So, before we criticize someone else in our church or some other church for doing something that seems to run roughshod over our traditions, let’s ask ourselves: is this something that Bible actually teaches, or is this just my personal or church’s preference?


Cultural traditions: 

Cultural traditions are a wonderful gift. I love many of our cultural traditions—blowing up fireworks on the 4th of July, getting popcorn and candy when going to the theatres, the excitement and camaraderie you feel with other fans when you attend a sporting event together, decorating your house with Christmas lights in December. But, there is also a great danger in cultural traditions—perhaps even greater than our church traditions. Cultural traditions can have far more functional authority in our life than we realize and influence what church’s teach.

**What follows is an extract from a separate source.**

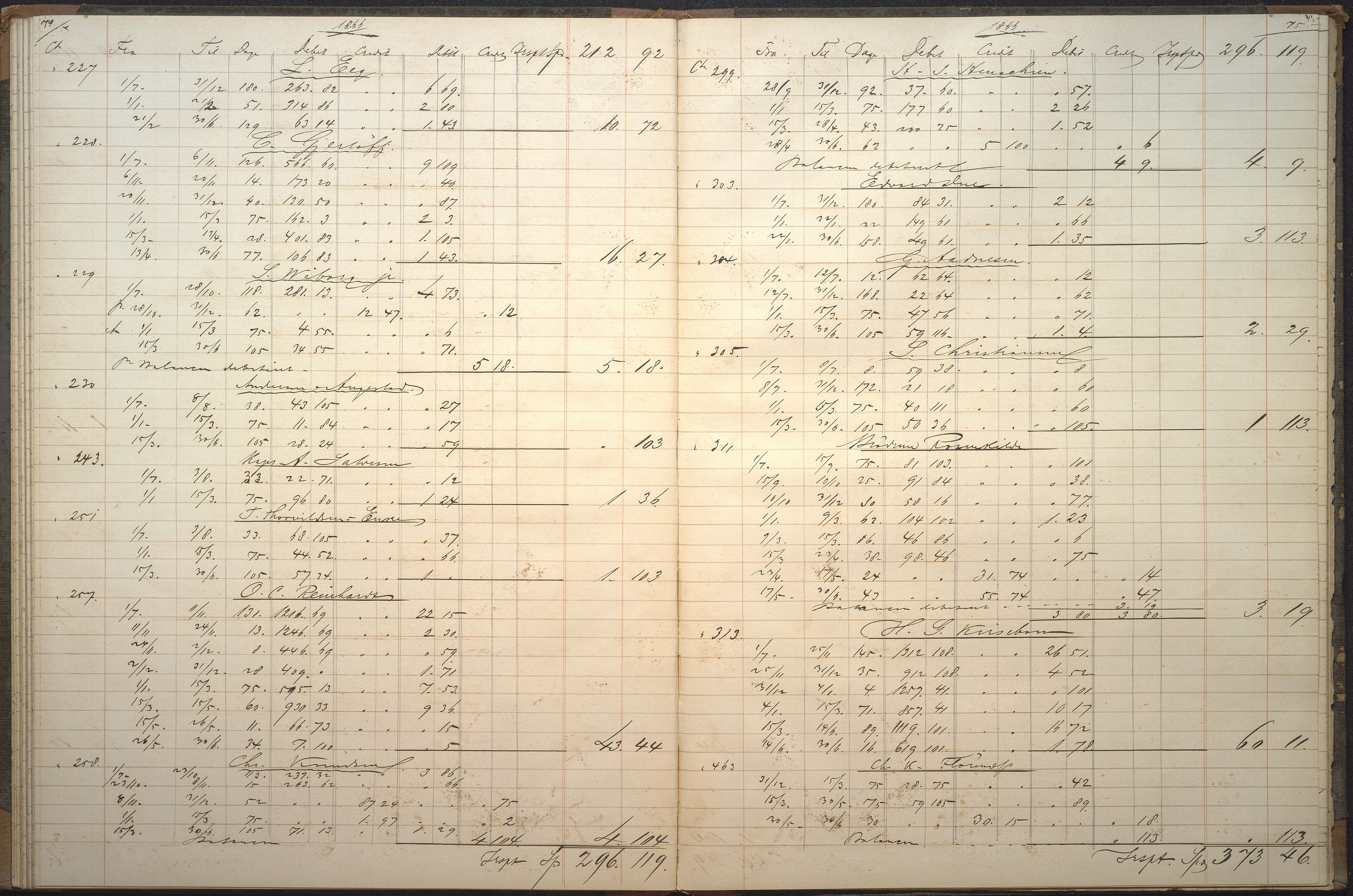 Agders Gjensidige Assuranceforening, AAKS/PA-1718/05/L0006: Renteprotokoll, seilavdeling, 1861-1867, p. 74-75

You don’t have to look very long in a history book to see abuses from cultural traditions—particularly traditions that are centered on viewing another group or class of people as sub-human. Whether you are looking at the caste system in India, or the Third Reich in Nazi Germany, or the Apartheid of South Africa. In many places, it is the cultural norm, tradition, to treat people who are different from yourselves with hostility, fear, and degradation. 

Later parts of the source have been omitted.